- Task item:
Copy each line below in which the string "planda" occurs.

- Task input:
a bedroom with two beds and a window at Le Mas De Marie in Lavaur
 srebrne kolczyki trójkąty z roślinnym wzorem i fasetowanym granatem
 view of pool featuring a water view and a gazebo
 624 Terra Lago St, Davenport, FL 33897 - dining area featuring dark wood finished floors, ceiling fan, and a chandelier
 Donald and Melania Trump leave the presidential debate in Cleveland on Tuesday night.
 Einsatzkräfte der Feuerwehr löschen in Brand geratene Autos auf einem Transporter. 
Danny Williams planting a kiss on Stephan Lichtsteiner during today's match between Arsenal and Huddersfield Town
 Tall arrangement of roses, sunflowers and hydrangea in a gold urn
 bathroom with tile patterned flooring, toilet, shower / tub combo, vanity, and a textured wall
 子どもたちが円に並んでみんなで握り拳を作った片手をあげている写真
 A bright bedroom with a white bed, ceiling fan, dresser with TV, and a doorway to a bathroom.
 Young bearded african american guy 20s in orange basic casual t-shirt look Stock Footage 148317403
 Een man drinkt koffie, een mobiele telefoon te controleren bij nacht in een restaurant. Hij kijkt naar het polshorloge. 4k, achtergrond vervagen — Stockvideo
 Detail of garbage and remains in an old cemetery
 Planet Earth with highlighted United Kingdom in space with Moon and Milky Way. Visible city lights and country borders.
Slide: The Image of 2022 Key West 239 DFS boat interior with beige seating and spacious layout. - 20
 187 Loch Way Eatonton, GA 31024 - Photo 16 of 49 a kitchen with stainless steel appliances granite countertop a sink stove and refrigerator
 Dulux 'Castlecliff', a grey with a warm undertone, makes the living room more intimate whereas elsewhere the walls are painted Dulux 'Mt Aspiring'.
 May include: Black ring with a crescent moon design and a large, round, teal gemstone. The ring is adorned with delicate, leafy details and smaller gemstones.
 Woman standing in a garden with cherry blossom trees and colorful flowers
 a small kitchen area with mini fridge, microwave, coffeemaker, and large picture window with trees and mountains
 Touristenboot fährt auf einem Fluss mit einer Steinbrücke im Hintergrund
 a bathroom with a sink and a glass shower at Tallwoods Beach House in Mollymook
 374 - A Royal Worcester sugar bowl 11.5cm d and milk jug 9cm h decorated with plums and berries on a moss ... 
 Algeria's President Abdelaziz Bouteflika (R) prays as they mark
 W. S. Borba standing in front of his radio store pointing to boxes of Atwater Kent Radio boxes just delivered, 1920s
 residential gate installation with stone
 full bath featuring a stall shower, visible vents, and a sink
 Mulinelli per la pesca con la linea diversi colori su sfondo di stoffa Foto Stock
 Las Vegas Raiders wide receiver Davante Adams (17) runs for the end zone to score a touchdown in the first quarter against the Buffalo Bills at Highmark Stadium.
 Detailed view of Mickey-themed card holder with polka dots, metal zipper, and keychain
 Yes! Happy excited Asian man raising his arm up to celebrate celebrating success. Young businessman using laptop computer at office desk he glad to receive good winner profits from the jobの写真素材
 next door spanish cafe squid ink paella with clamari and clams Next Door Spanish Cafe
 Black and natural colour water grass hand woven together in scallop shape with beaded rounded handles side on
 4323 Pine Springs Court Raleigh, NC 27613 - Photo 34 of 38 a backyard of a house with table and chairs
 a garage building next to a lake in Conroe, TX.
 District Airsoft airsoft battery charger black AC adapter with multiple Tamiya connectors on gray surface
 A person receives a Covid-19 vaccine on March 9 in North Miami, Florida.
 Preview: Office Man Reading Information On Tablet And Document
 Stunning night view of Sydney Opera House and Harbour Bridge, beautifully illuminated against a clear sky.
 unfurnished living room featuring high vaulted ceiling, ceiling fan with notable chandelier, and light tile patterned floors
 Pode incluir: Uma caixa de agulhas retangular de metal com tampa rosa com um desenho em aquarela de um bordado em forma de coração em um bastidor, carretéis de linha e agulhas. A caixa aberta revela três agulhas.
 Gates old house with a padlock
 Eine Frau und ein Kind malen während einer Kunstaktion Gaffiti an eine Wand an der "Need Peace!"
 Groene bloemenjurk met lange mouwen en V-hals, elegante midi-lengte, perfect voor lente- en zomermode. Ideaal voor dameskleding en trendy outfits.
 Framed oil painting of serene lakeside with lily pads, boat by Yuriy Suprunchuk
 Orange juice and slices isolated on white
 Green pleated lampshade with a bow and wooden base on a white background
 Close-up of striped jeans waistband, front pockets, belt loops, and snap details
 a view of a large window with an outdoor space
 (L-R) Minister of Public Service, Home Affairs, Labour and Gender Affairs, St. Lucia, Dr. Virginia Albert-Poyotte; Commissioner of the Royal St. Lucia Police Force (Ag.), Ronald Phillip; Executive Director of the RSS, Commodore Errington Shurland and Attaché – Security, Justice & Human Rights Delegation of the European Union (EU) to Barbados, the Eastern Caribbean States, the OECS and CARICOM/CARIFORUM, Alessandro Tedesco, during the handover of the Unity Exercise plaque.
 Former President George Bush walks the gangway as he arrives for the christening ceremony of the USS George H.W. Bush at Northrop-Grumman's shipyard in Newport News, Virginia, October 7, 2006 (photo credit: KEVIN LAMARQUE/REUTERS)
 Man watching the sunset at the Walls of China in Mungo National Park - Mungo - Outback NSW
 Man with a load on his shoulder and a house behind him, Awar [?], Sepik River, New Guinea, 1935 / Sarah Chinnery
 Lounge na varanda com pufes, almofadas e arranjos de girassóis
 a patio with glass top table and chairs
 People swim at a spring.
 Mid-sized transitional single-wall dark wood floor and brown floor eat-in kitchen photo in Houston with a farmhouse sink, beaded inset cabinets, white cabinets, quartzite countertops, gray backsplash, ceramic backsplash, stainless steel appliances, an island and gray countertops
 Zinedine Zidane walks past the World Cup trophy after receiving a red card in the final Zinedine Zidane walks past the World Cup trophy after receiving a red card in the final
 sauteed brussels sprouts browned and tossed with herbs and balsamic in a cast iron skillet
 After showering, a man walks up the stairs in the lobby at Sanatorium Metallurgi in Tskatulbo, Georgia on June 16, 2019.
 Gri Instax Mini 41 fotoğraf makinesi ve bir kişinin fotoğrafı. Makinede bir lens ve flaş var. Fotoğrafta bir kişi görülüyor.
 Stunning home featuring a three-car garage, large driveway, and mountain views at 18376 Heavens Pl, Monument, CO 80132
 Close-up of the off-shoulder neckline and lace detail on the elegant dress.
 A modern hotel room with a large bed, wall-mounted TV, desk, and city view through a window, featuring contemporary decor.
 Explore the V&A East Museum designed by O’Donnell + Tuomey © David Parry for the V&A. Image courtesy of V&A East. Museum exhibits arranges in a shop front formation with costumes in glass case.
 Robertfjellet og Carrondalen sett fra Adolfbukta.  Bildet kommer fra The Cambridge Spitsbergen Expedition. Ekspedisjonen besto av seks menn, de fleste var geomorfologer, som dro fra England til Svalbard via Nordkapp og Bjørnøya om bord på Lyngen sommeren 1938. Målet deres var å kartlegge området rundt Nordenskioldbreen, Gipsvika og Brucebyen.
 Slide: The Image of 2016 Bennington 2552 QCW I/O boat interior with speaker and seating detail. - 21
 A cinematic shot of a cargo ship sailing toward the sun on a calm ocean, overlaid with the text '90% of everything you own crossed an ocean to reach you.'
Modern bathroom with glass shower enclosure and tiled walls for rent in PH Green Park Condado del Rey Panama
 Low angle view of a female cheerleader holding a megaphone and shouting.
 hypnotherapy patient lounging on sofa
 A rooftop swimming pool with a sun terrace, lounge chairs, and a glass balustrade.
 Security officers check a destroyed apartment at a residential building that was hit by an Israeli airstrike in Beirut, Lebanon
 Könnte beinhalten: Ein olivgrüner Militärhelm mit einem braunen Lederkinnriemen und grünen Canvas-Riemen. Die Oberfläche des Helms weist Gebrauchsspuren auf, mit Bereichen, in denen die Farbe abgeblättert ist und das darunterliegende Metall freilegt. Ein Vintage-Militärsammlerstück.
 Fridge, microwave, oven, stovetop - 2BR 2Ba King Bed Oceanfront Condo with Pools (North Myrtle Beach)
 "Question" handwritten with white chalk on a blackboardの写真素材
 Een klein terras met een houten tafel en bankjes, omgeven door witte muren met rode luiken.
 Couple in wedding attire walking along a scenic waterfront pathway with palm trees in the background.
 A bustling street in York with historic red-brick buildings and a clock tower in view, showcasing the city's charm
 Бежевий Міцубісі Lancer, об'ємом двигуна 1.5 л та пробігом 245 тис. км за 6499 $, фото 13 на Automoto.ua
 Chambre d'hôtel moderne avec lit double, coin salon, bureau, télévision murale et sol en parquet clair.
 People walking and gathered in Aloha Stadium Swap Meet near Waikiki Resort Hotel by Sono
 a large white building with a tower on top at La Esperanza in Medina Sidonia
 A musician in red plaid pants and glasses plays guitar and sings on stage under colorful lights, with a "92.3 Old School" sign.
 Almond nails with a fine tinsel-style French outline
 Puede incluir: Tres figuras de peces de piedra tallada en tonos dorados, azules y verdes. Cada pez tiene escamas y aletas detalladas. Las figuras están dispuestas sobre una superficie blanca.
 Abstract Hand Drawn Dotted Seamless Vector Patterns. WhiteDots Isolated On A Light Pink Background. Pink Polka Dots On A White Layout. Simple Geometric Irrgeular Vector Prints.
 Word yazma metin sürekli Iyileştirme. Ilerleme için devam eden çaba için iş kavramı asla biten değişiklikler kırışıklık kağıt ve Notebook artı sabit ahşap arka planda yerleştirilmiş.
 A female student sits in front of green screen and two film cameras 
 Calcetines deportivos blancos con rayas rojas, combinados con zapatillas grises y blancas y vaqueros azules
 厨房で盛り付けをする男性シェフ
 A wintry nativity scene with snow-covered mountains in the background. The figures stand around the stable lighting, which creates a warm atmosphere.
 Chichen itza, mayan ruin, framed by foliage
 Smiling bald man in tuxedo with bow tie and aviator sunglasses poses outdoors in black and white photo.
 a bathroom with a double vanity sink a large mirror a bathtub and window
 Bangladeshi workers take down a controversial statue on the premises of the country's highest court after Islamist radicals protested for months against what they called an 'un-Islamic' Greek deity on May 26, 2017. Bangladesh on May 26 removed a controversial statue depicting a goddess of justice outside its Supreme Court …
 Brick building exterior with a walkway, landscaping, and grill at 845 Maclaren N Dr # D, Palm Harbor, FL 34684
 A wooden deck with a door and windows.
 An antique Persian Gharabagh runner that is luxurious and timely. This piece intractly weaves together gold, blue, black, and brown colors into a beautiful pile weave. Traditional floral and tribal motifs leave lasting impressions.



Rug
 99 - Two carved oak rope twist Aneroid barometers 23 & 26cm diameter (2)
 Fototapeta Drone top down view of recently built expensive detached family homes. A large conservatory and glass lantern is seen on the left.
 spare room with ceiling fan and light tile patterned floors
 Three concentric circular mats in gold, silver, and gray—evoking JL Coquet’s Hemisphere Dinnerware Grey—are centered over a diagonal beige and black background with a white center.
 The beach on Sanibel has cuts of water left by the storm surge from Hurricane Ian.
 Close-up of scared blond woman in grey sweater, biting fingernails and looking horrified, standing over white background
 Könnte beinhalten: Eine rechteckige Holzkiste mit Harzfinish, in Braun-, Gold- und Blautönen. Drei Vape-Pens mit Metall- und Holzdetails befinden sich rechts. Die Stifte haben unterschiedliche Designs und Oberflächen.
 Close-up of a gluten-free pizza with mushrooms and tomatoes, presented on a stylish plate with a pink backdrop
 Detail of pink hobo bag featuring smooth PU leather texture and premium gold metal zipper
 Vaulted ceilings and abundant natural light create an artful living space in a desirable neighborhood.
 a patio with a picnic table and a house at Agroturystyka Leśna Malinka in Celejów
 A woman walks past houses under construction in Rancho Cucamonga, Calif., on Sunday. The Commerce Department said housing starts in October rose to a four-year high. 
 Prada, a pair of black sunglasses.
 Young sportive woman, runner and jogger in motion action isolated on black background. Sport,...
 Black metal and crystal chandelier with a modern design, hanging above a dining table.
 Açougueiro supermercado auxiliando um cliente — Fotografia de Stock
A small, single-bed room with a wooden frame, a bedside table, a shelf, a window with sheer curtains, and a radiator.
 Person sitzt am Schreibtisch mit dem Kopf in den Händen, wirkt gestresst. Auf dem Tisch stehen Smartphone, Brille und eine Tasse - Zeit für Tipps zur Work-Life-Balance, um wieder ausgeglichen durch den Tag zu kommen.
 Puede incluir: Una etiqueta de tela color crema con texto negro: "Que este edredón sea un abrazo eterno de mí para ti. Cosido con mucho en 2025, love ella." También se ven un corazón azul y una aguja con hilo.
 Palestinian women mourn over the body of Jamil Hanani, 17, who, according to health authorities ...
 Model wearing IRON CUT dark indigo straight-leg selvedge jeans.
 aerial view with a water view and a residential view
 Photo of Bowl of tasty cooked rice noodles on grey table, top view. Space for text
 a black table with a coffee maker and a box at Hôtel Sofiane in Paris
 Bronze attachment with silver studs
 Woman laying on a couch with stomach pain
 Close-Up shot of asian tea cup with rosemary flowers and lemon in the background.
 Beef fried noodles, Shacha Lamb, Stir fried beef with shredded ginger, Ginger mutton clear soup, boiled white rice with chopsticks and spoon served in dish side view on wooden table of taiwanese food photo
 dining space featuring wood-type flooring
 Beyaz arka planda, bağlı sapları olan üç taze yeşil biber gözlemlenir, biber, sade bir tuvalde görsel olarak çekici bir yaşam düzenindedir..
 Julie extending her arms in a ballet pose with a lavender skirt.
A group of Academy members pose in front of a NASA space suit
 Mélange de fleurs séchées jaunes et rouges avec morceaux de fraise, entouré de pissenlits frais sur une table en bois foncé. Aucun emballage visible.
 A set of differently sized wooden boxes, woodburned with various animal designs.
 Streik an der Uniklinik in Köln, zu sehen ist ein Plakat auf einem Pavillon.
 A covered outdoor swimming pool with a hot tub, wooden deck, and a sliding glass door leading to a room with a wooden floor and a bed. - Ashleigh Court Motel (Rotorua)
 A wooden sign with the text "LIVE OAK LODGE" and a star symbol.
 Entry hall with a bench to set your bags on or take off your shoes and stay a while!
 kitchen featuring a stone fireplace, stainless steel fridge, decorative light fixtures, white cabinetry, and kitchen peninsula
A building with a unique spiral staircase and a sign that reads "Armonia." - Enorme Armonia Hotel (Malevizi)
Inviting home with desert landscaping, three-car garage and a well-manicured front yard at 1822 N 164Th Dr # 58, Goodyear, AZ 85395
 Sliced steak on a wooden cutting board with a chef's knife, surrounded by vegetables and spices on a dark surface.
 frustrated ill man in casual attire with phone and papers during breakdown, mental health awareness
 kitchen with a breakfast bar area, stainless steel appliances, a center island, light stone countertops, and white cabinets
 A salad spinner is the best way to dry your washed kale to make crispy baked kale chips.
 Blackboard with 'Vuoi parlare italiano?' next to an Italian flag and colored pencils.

- Solution to this task:
 Word yazma metin sürekli Iyileştirme. Ilerleme için devam eden çaba için iş kavramı asla biten değişiklikler kırışıklık kağıt ve Notebook artı sabit ahşap arka planda yerleştirilmiş.
 Beyaz arka planda, bağlı sapları olan üç taze yeşil biber gözlemlenir, biber, sade bir tuvalde görsel olarak çekici bir yaşam düzenindedir..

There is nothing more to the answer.